• WORK INSTRUCTION
Beginning with the line that holds "Cedar Vista Motel Tobermory Exterior foto" in the data below, give again every line through the one that holds "БЕЛАЯ 2025. Святослав Буньков | фотограф", exactly as written.

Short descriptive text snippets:
- - - - -

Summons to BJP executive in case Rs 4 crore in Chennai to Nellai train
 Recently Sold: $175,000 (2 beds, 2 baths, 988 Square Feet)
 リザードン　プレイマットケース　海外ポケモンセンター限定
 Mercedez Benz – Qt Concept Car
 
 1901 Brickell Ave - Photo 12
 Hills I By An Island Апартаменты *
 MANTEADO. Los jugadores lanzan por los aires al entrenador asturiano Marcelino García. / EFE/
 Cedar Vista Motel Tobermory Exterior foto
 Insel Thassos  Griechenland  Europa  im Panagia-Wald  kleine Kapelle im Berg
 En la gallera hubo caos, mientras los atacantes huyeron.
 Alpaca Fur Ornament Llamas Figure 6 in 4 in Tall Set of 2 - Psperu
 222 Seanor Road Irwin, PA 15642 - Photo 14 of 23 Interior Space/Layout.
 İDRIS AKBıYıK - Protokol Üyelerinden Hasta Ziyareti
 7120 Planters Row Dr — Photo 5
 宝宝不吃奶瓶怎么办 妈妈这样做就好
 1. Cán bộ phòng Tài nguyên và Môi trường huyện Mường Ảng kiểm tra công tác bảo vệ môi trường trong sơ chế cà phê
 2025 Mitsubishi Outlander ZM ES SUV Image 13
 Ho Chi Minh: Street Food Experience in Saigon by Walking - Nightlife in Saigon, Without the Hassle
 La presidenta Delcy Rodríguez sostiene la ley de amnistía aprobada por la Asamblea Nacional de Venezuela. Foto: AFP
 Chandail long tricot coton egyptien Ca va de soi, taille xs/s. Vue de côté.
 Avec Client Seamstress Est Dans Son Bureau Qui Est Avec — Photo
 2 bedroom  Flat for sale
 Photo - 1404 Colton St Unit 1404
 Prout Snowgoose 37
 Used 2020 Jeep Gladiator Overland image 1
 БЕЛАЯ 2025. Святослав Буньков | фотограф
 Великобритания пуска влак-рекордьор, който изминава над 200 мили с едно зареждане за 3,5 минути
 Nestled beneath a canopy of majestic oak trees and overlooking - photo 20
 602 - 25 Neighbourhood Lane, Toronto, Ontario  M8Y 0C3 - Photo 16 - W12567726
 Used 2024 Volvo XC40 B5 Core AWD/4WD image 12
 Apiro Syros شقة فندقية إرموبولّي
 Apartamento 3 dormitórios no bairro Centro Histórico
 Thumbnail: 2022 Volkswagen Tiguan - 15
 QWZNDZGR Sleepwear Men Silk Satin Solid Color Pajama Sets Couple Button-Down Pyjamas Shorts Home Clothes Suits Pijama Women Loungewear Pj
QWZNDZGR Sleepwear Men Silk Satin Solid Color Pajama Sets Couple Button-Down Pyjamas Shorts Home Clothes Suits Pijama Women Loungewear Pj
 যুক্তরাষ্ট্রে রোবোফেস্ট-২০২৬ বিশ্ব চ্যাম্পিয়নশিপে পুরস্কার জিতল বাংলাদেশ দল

- - - - -

• ANSWER TO THIS TASK
 Cedar Vista Motel Tobermory Exterior foto
 Insel Thassos  Griechenland  Europa  im Panagia-Wald  kleine Kapelle im Berg
 En la gallera hubo caos, mientras los atacantes huyeron.
 Alpaca Fur Ornament Llamas Figure 6 in 4 in Tall Set of 2 - Psperu
 222 Seanor Road Irwin, PA 15642 - Photo 14 of 23 Interior Space/Layout.
 İDRIS AKBıYıK - Protokol Üyelerinden Hasta Ziyareti
 7120 Planters Row Dr — Photo 5
 宝宝不吃奶瓶怎么办 妈妈这样做就好
 1. Cán bộ phòng Tài nguyên và Môi trường huyện Mường Ảng kiểm tra công tác bảo vệ môi trường trong sơ chế cà phê
 2025 Mitsubishi Outlander ZM ES SUV Image 13
 Ho Chi Minh: Street Food Experience in Saigon by Walking - Nightlife in Saigon, Without the Hassle
 La presidenta Delcy Rodríguez sostiene la ley de amnistía aprobada por la Asamblea Nacional de Venezuela. Foto: AFP
 Chandail long tricot coton egyptien Ca va de soi, taille xs/s. Vue de côté.
 Avec Client Seamstress Est Dans Son Bureau Qui Est Avec — Photo
 2 bedroom  Flat for sale
 Photo - 1404 Colton St Unit 1404
 Prout Snowgoose 37
 Used 2020 Jeep Gladiator Overland image 1
 БЕЛАЯ 2025. Святослав Буньков | фотограф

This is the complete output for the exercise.